3. Oneohtrix Point Never – Garden of Delete
Daniel Lopatin gave me everything I wanted with his latest ambient electronic masterpiece, Garden of Delete. He comes through with some Oneohtrix Point Never style bangers on this album that I never thought I would hear from him, like “Sticky Drama.” The softer moments on this record are reminiscent of his 2011 release, Replica, which is one that I fell in love with because it made me interested in an ambient record, which is a genre that I didn’t get into until after hearing of this artist. Lopatin brings new sonic pieces to the table on Garden of Delete with the addition of electric guitar to some of these tracks that works surprisingly well. I went into this wanting to love it and I ended up doing so. Listening to Garden of Delete is like painting a glorious piece of art with thick strokes of melted silver and gold. SOOOOO SHINNNNYYYYNYNY.
2. Clarence Clarity – No Now
This album is what you get if you stuff Justin Timberlake, Squarepusher, Murzbow, and Gonjasufi into a marshmallow, insert the marshmallow into the microwave for 40 seconds, watch the fluffy treat expand to large proportions, open the microwave door, and listen to the sound that the ‘mallow makes as it deflates. No Now is a mixture of sugary pop and hectic noisy sounds. It took me many a listen to pick up on the incredibly catchy hooks that Clarence lays out on this thing and the repeated listens were well worth the auditory desensitization that it cost me. I wish Clarence Clarity were appreciated by more people. However, the upfront and abrasive production of his songs, while I fell in love with them, will perhaps turn people away. So good though.

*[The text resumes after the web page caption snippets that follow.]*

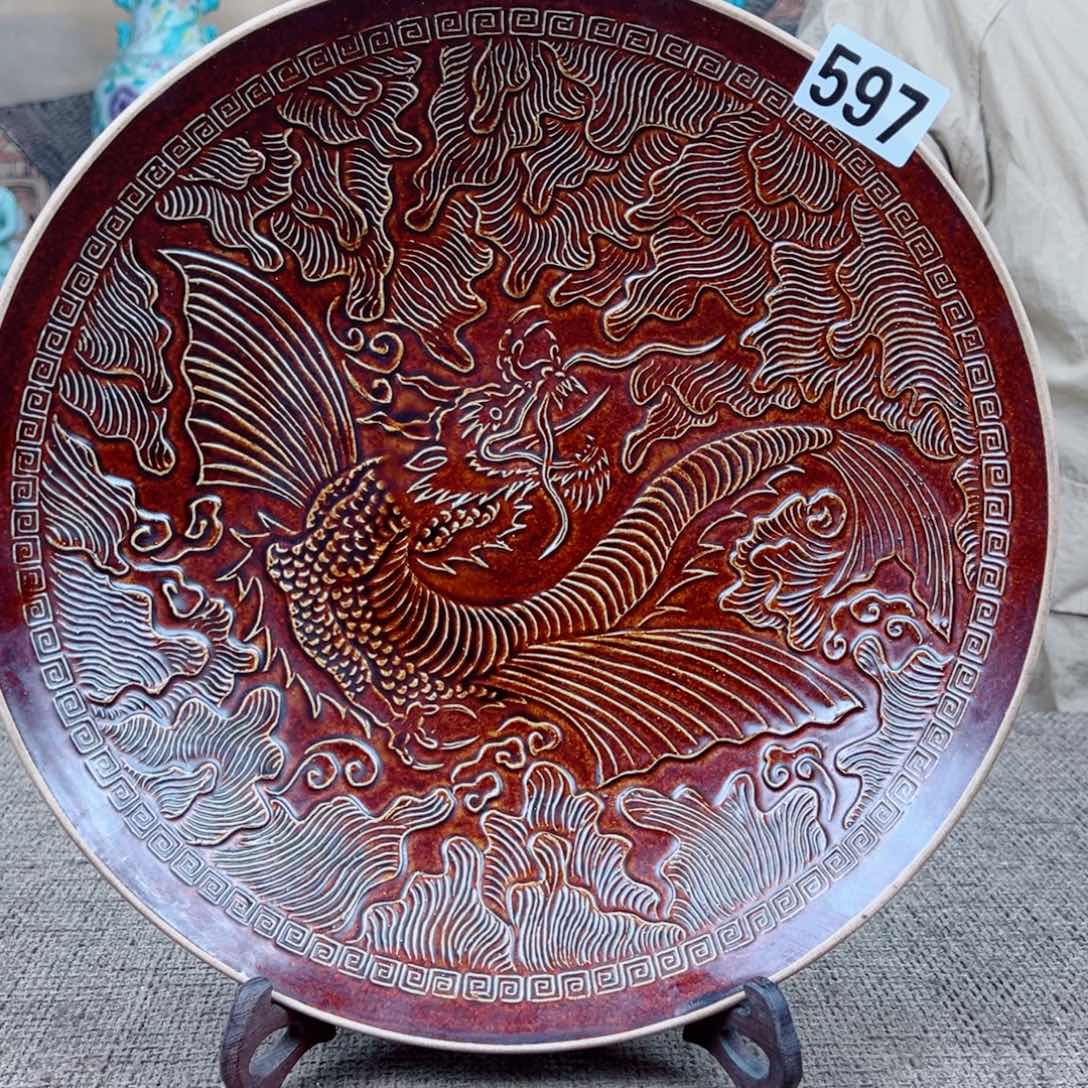 瓷片陶瓷艺术瓷器摆件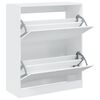 vidaXL Armoire &agrave; chaussures blanc 80x34x96,5 cm bois d'ing&eacute;nierie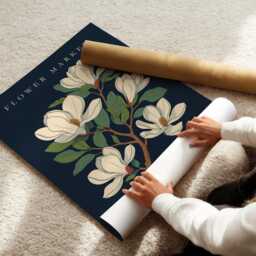Mississippi Flower Market Print, Southern Magnolia Vintage Poster, Gifts - thumbnail 3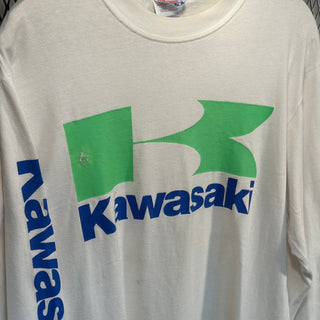 KAWASAKI FLYING K Logo Long Sleeve Tee カワサキ フライング Kロゴ ロンT
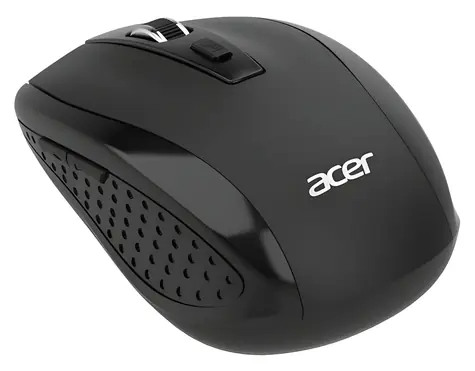 Acer MX202 schwarz / Kabellose Maus / optisch / Büro / 1600 DPI / USB 2,4 GHz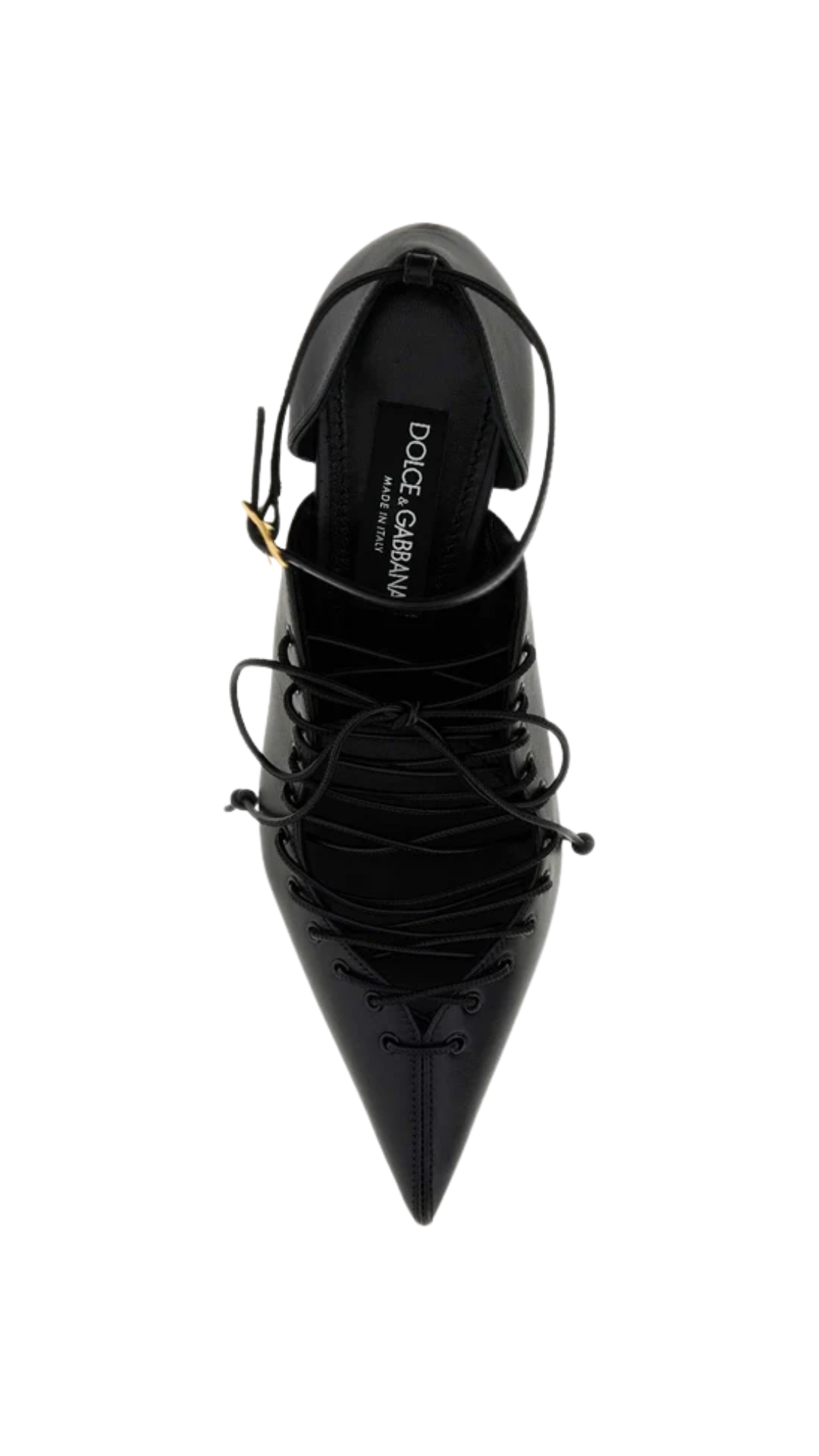 Calfskin Pumps in Black Leather Outsole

1. Father John Misty – I Love You, Honeybear
I Love You, Honeybear is a luscious and juicy love letter to Josh Tillman’s significant other and wife, Emma. If I were her and received an album that was like I Love You, Honeybear, from a loved one, I would consider myself a lucky lady, and I would be able to completely ignore that my partner was exploiting and capitalizing on our love life in the form of a profitable album. Nonetheless, with Honeybear, Father John Misty has added a new factor to his lyrically witty and wonderfully melodic song structures, with grand and beautiful instrumentation. This emphasis on sophisticated sounds did not seem to be the focal point of his previous release, Fear Fun, which was charming and simply captivating in its own way, regardless. However, with his new record, Tillman has seemed to match his touching, playful and poignant lyrics with equally whimsical and charming instrumental arrangements.